House debates
Monday, 14 August 2017
Private Members' Business
Queensland: Trade
12:19 pm
Susan Lamb (Longman, Australian Labor Party) Share this | Hansard source
While this government says it knows how important jobs are to Australian people, I am confident that this government doesn't actually know why jobs are so important to Australian people. I am confident that it does not know how dire the situation is, particularly in Queensland regional centres, when it comes to jobs. I am confident because the members opposite, if they truly knew how bad things were under their administration, would not be standing idly by and doing nothing. Let's actual utilise the money that has spent the last two years tied up in the Northern Australia Infrastructure Fund to deliver infrastructure to Queensland regions—infrastructure that delivers jobs. They wouldn't have been sitting around; they would be using that money. But not one cent has been allocated.
I would strongly argue that the member for Brisbane is not the person to talk to about jobs in Queensland. I find it quite remarkable that he's not here in the chamber now. It's such an important motion for him to move, and he's not here to listen to debate. While we might think that he speaks for all of Queensland, I can tell you that he doesn't. In a state that covers an area of 1.85 million square kilometres, the minuscule inner-city fragment which the member represents is not typical of Queensland. The 58 square kilometres he represents is affluent, fortunate and overrepresented in the workplace. The area he represents is quite literally the CBD of Brisbane. Yet, not that far from his electorate—just an hour away if he jumped in the car or jumped on the Caboolture train line—he could find himself in my seat of Longman and he could see people struggling. They're struggling to find work and they're struggling to get by. Unemployment is incredibly high; underemployment is even higher. Workers are watching as their basic rights are being eroded under this Liberal-National government. Yet, in the inner-city seat, the minister has the gall to condemn a state government that's actually trying to protect its local workers. It's quite remarkable that the member for Brisbane didn't stay around for such an important motion. I would ask the member for Brisbane: is the range of your world view so limited that you can't see past your 58 kilometres? Can you not see that there are people living beyond your comfortable inner-city life?

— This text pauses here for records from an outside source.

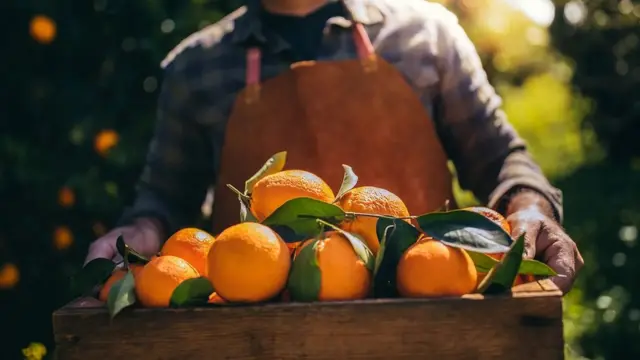 Homem segura cesta com laranjas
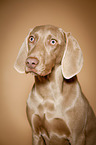 Weimaraner Portrait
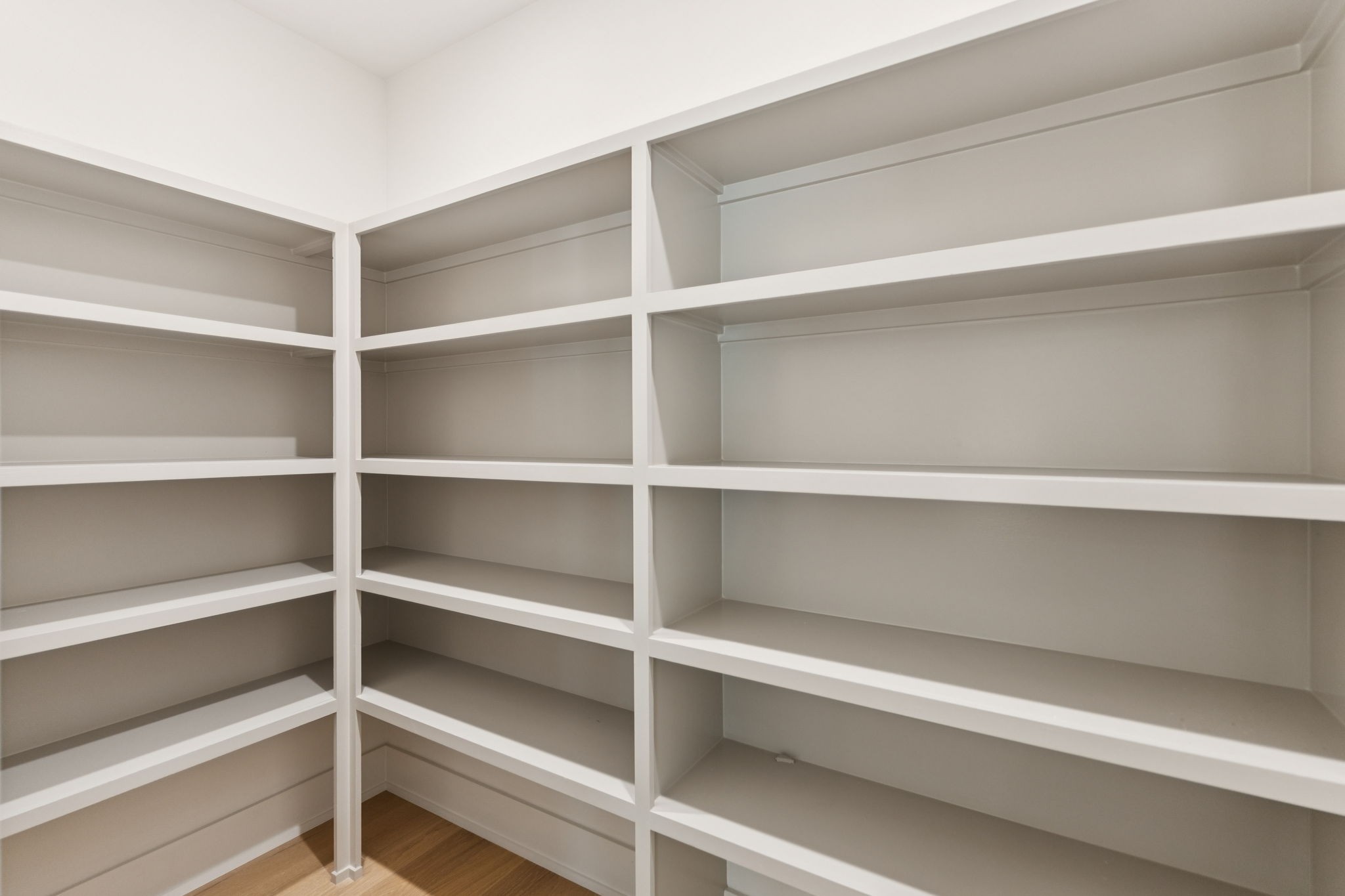 2935 Avenue Downs Dr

I call on you to visit us in Longman. I will show you the struggles that people are facing just over the horizon. Or you could do what I did a few weeks ago and make the voyage up north to the member for Herbert's seat. That seat picks up great areas where lots of families live and try to raise their families up in Townsville. It's a seat that the member for Brisbane's government so often turns its back on despite continual pleas for support. I call on the member for Brisbane to do what I did: come and speak to workers, employers and local members. You know what: come and speak to unions. I promise the member for Brisbane that they won't bite. I can promise him that. If he does come to visit, he'll hear things. Just driving around the city, he'll see things. He'll see a city that's been hurt by unpredictable booms and busts, and the ebbs and flows of employment and job scarcity. He'll see the effects that temporary fly-in employers with their temporary fly-in fly-out workforce have had on this city.

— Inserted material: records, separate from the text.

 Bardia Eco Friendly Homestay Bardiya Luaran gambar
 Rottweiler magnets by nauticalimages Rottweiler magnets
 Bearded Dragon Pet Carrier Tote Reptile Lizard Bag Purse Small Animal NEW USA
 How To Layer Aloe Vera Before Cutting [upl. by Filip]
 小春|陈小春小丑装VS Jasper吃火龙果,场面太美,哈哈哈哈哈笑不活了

Let me ask you, Deputy Speaker Bird: if I were to mention Townsville's local economy, where would you think of? You might think of Pimlico, Annandale, Douglas and maybe Hermit Park. Maybe your scope would reach a little further and you might think of the Hervey Range or Crystal Creek. I doubt you would think of places like Christchurch, Queenstown, Auckland or Dunedin if I asked you to think about Townsville. And yet workers from all over Australia and all over New Zealand are considered local workers. They are given local jobs and they are taking local money out from within the local economy. Furthermore, let's not forget the member for Brisbane's government's foolish endeavour to give Australian jobs to Chinese workers without true labour market testing through the Chinese free trade agreement. It was an agreement that initially lacked provisions to safeguard Australian jobs and that lacked provisions to safeguard Australian workers.

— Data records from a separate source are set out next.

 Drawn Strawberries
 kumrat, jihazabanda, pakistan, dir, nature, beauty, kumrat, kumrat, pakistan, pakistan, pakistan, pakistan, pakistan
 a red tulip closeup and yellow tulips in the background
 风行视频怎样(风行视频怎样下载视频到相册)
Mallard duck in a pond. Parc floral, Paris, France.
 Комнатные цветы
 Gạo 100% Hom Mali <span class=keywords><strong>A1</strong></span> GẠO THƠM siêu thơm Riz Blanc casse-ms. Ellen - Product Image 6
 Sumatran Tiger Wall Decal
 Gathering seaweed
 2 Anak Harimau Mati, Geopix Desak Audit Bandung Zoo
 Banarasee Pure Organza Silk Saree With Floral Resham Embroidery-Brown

The Queensland government is doing incredible things, like the Back to Work Regional Employment Package, focusing on disadvantaged job seekers and providing an additional $15 million for a 10-year industry plan and road map. I would encourage the member for Brisbane to support the Queensland state government policy that is growing genuine local jobs. I would say to the member for Brisbane: stop wasting time with petty attacks and take some meaningful action that supports Queensland workers.